Learning in a VUCA world – How Knowledge Workers learn to innovate

The acronym VUCA – volatility, uncertainty, complexity and ambiguity – accurately describes the conditions under which organisations, corporations and institutions operate in the world today. As there is no predictability or way to plan for every issue or problem that may arise, it becomes necessary to plan for any issue that may arise. The VUCA world calls for innovative business strategies and processes that can be used to cope in any given situation, and if treated right, the VUCA world can be an opportunity for knowledge workers to learn and develop effective agile and flexible strategies. This year’s ONLINE EDUCA BERLIN conference will hold a plenary session to discuss learning in a VUCA world and the ways that knowledge workers learn to innovate.

By Claire Adamson

The term VUCA originated in the US military in the late 1990s and is a way of assessing and providing for the changeability of general situations and events. Volatility refers to the ease and speed in which a situation can change. Uncertainty refers to the lack of knowledge or awareness that surrounds unforeseen events, Complexity to the web of interconnectedness and chaos surrounding an event or organisation, and Ambiguity refers to the potential for confusion and misunderstanding within that organisation.

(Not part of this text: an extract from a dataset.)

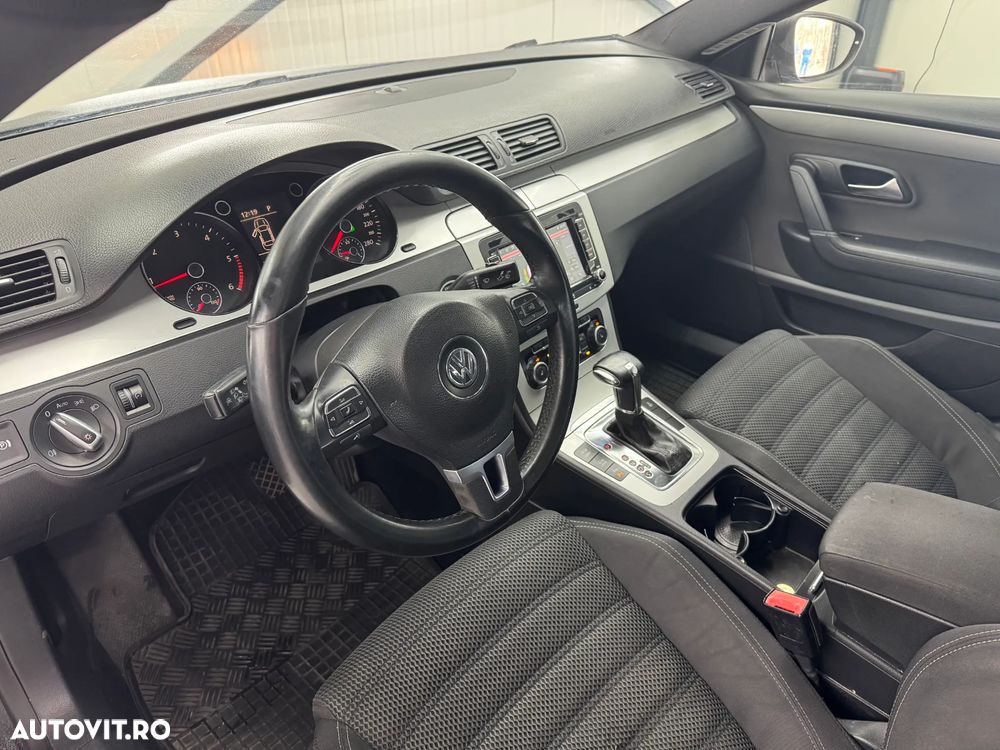 Volkswagen Passat CC 2.0 TDI DPF DSG - 19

The term was quickly adapted to be used in business environments and now stands as a strategy for coping with unavoidable changes and events that may arise – anything from a change in consumer fashion to unstable government or the onslaught of recession. A good example of the recent influence of the VUCA world is the eruption of the Icelandic volcano Eyjafjallajökull and its subsequent ash cloud. This unforeseen natural event disrupted air travel in Europe for 6 days in 2010 stranding passengers all over the world and costing air travel companies millions of euros, as well as affecting countless other companies. It was a completely unpredictable event and there was no way to stop it or prevent it from happening. Businesses just had to deal with the fallout, and suffered everything from mild setbacks to massive losses.

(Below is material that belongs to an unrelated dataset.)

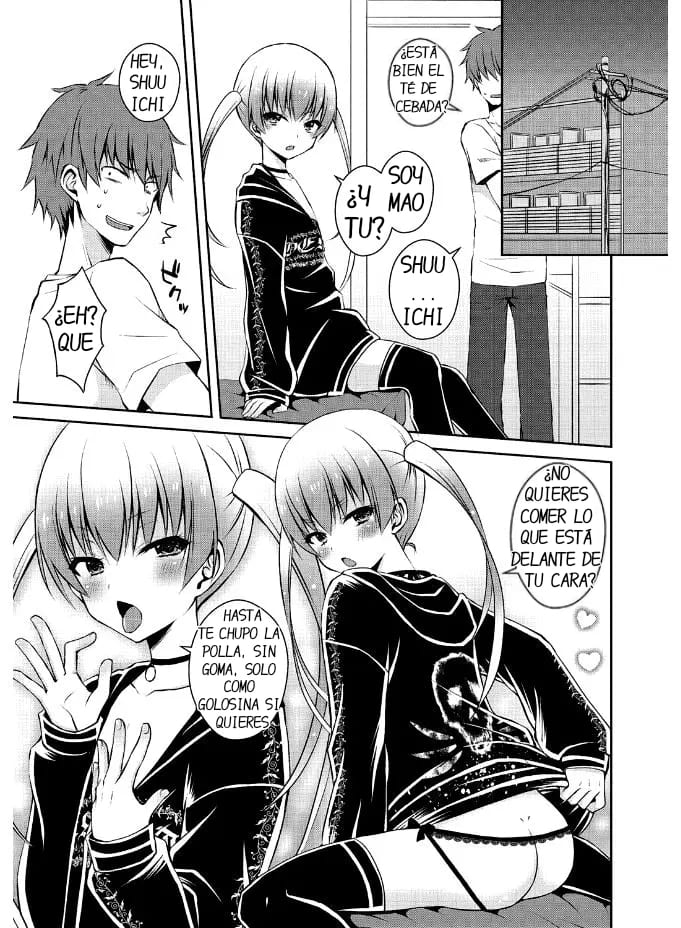 Hima Shiten Daro? page 3 full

The changeability of our surrounding environment is of course not a new phenomenon, but it has certainly been amplified in the last ten years or so as technology has advanced and humans have become more connected than ever. The systems under which the world operates and the ways that individual businesses operate are vast and complex – interconnected to the point of confusion and uncertainty. The linear process of cause and effect becomes increasingly irrelevant, and it is necessary for knowledge workers to begin thinking in new ways and exploring new solutions.

While the VUCA world may seem like a scary and unpredictable thing, preparing a company for any eventuality is a massive opportunity for innovation, learning and change, and it should be treated as such. Promoting agility and preparing for constant change in a big company may weaken control and structure, but it will prime the company for growth and can be a real competitive advantage.

One of the most important ways that knowledge workers can interact with the VUCA world is through constant learning and access to new information and new processes. School-based learning is an essential part of personal development, but allowing employees to learn in action is one of the most important steps toward readiness in a VUCA world. ONLINE EDUCA BERLIN panel moderator Richard Straub (Peter Drucker Society, European Learning Industry Group) argues that the required changes need to be cultural – employees need to be given an environment in which learning (including from failure) is encouraged. Tools and technology are being created to enable this, but there needs to be a big shift in how companies are managed and the ways in which their learning environments are created and nurtured.

ONLINE EDUCA BERLIN will hold a plenary session with expert speakers to discuss learning in the VUCA world and how different-sized businesses from different sectors can grow and evolve. Steve Martin, behavioural influence expert and co-author of the international best-selling book Yes! 50 Secrets from the Science of Persuasion; Jens Hilgers of Geewa Games; Dr Terry Moss of Eskom Holdings and the International Hydropower Association South Africa; Ahmed El-Sobky of Egypt’s Information Technology Industry Development Agency; and Edith Lemieux, Head of Air Liquide University, France, will each offer their own insights and experiences with the VUCA world and how they have fostered learning and development amongst employees in their respective businesses whilst promoting innovation and readiness for any eventuality.